如何在 Spring 启动 JPA 中加入 OneToMany 与复杂的 Where 条件？

Question

Consider an @Entity over a class having an id and a type which has a list which comes using a join operation on another entity.

@Entity
class A {

    @Id
    @Column
    Long id;
    
    @Column
    String typeA;
    
    @OneToMany
    @JoinColumn(name = "ref_id")
    // here a where condition
    List<B> listB;
    
}

@Entity
class B {
   @Id
   @Column
   Long id;

   @Column
   String typeB;

   @Column
   Long ref_id;
}

the SQL version to populate the listB is -

SELECT * FROM B JOIN A ON B.id = A.ID WHERE B.typeB = CONCAT(A.typeA,'_A_')
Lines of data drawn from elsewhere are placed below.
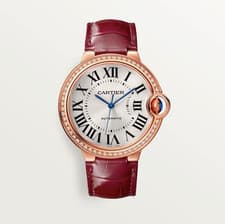 2026 NEW COMPLETE SET BALLON BLEU DE CARTIER WATCH WJBB0034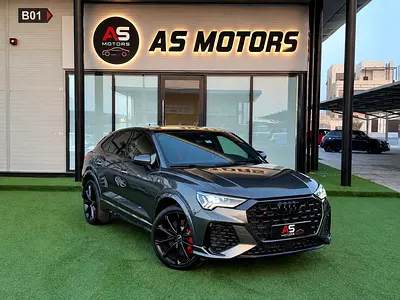 Stunning 2022 Audi RS Q3 2.5 TFSI quattro - European Specs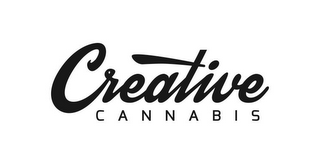 CREATIVE CANNABIS logo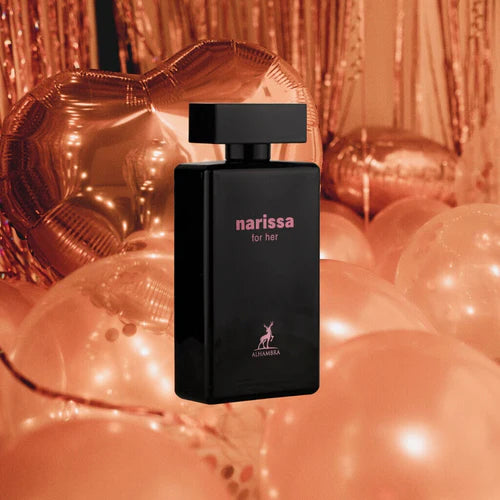 Maison Alhambra Narissa For Her Edp 100ml Women's Perfume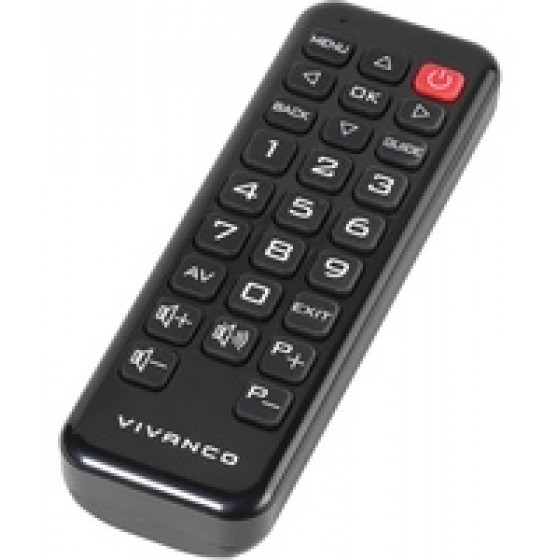 VIVANCO ZAPPER ��������������� FOR PANASONIC TV - (39288)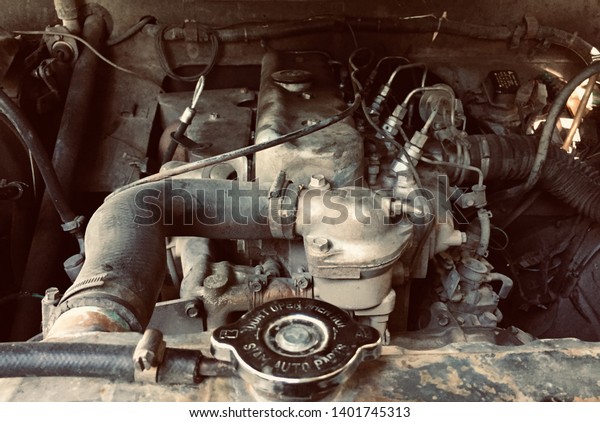 Engineering engine motor car
repair
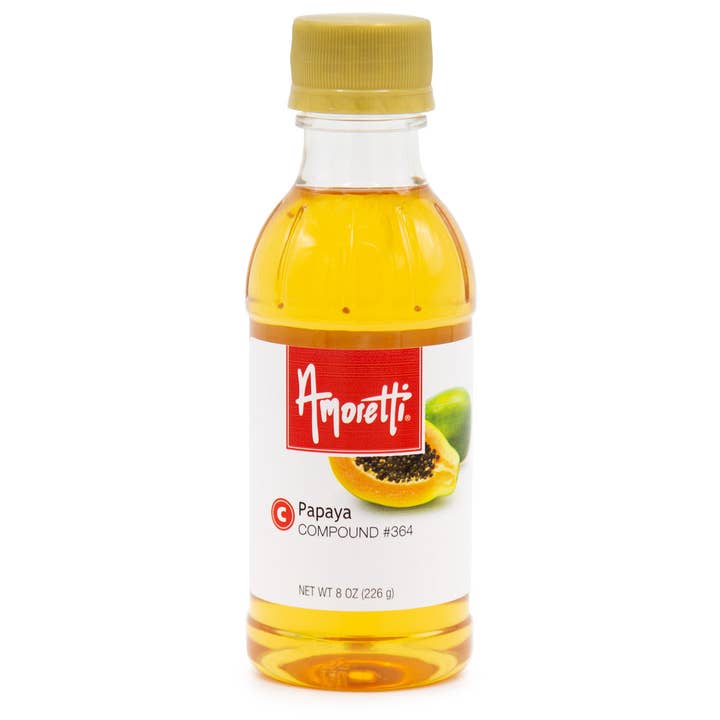 Papaya Compound for wholesale by Amoretti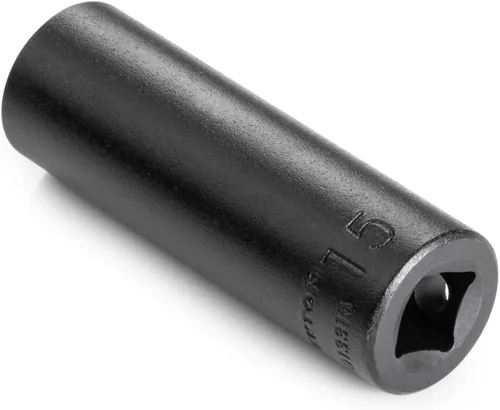 Miniatura 267 de TEKTON Encastre de 3/8 pulgadas x 0.669 in Zócalo de impacto de 12 puntos poco profundo SID12317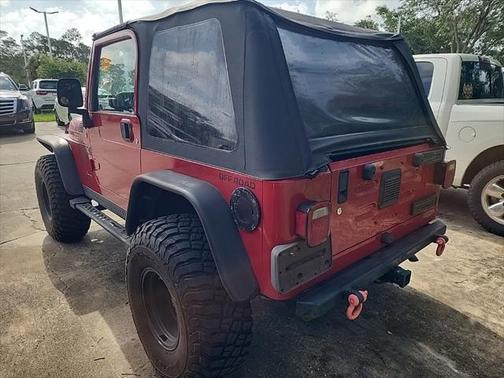 2006 Jeep Wrangler X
so A (id: 1, typeA: xx) will be linked to b[(id:2, typeB: xx_A_),(id:3,typeB: xx_A_)] and A (id: 1, typeA: yy) will be linked to b[(id:2, typeB: yy_A_),(id:3,typeB: yy_A_)]

I couldn't find a way to take property value from A or pass param to @Where annotation.

Answer 1

You can use the native query in JPA as follows:

    @Query(value = "your SQL query", nativeQuery = true)
    public List<B> getCustomBList();

And this must be into:

@Repository
public interface BRepository extends JpaRepository<B, Long> { }

Answer 2

I'm not quite sure about your SQL query but Yes you can use @Param in your custom queries,this question is already answered here How can I use parameter's method in @Query annotation

Here is how you can use, this is already stated in above question I have stated here for your reference.

@Query("select u from User u where u.firstname = ?#{#customer.firstname}")
List<User> findUsersByCustomersFirstname(@Param("customer") Customer customer);